Chancellor Friedrich Merz has dismissed the prospect of further easing Germany's long-standing fiscal constraint known as the "debt brake" before the federal election scheduled for 2029. Speaking at his Christian Democratic Union's party conference in Stuttgart, Merz said it would be irresponsible to incur additional borrowing in the current legislative period.
Merz moved quickly last year to relax the constitutional limits on borrowing after winning the election in February. That decision unlocked several hundred billion euros, earmarked by the government for defence and infrastructure projects. The measure, however, provoked criticism from multiple quarters, including some within his own voter base.
Opponents have argued that the new headroom for borrowing provides the government with greater flexibility for routine or recurrent spending, rather than channeling funds into long-delayed capital investment that could strengthen the economy. Those critiques were part of the backdrop at the Stuttgart gathering, where delegates passed a motion opposing further changes to the debt brake.
Addressing the ARD broadcaster at the party conference, Merz was unequivocal about the limits he wants to observe. "In my view, taking on more debt is irresponsible," he said. He reiterated the message later in his remarks: "The fundamental message of this party conference is clear, and this is my own: We are taking on enough debt during this legislative period."
The chancellor's comments and the party's vote signal a consolidation of the current fiscal stance. By ruling out additional debt-limit reforms before 2029, the government has set an explicit boundary around further borrowing. The decision preserves the earlier relaxation as the principal change to the constitutional borrowing framework during this term.
While the measures taken last year freed substantial funds for defence and infrastructure, the debate that followed highlights political and public concerns over how newly available borrowing capacity is used.

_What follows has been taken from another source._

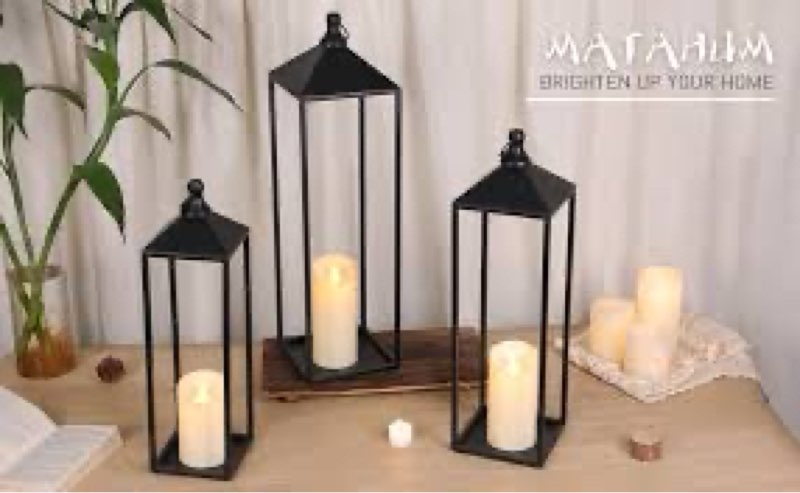 MATAHUM 22'' 19'' 17'' Lanterns Decorative Outdoor Indoor, Set of 3 Black Metal Candle Lanterns Chri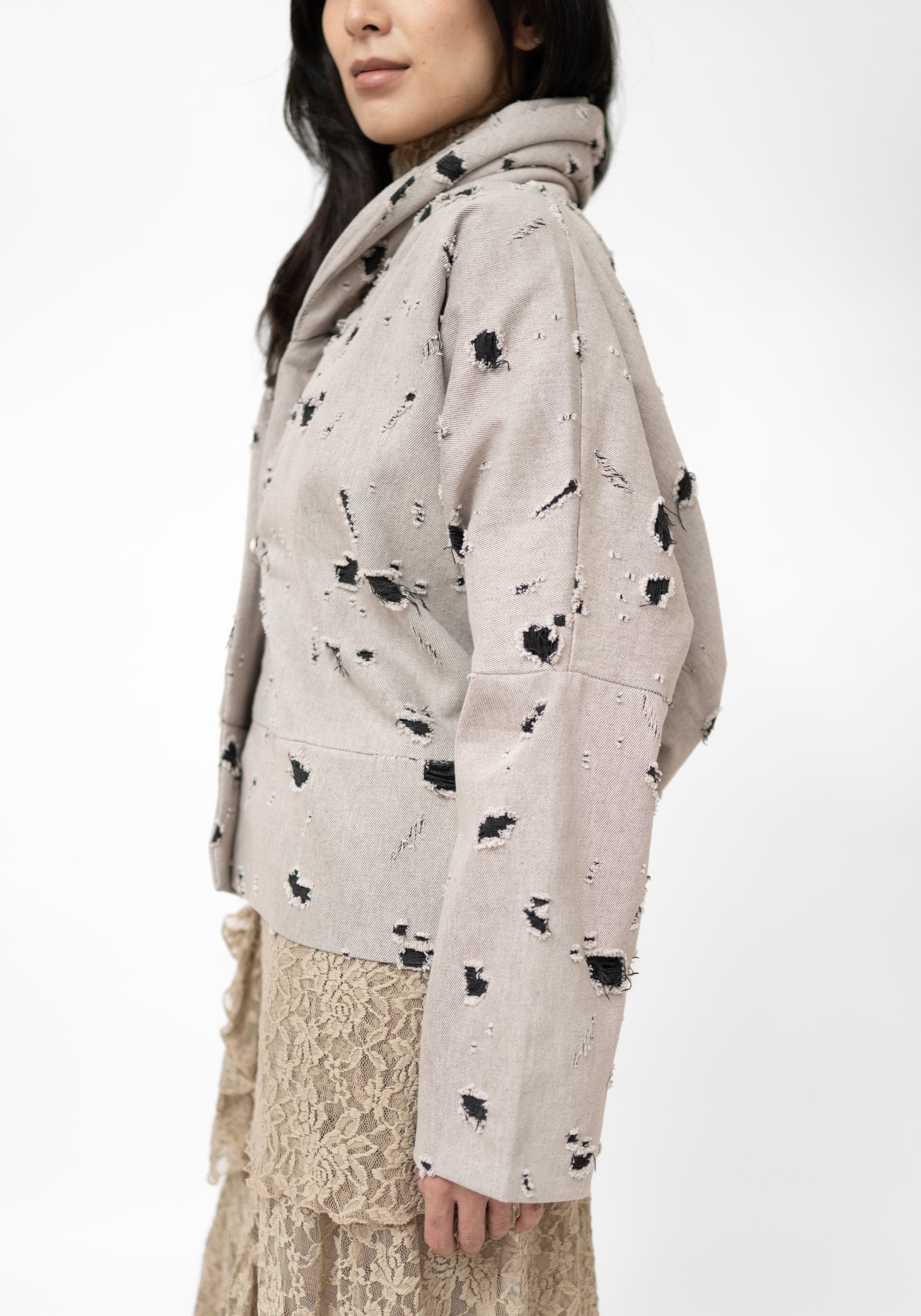 Distressed Drop Shoulder Twist Detail Jacket - December Thieves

Critics maintain that the increased margin for debt could be applied to everyday spending priorities rather than addressing longer-term underinvestment in Europe’s largest economy - a point that resonated with delegates at the CDU conference.
For now, the policy position is clear: no additional loosening of the debt brake before the next federal vote in 2029, and a party resolution formalizing opposition to further reform during the current legislative period.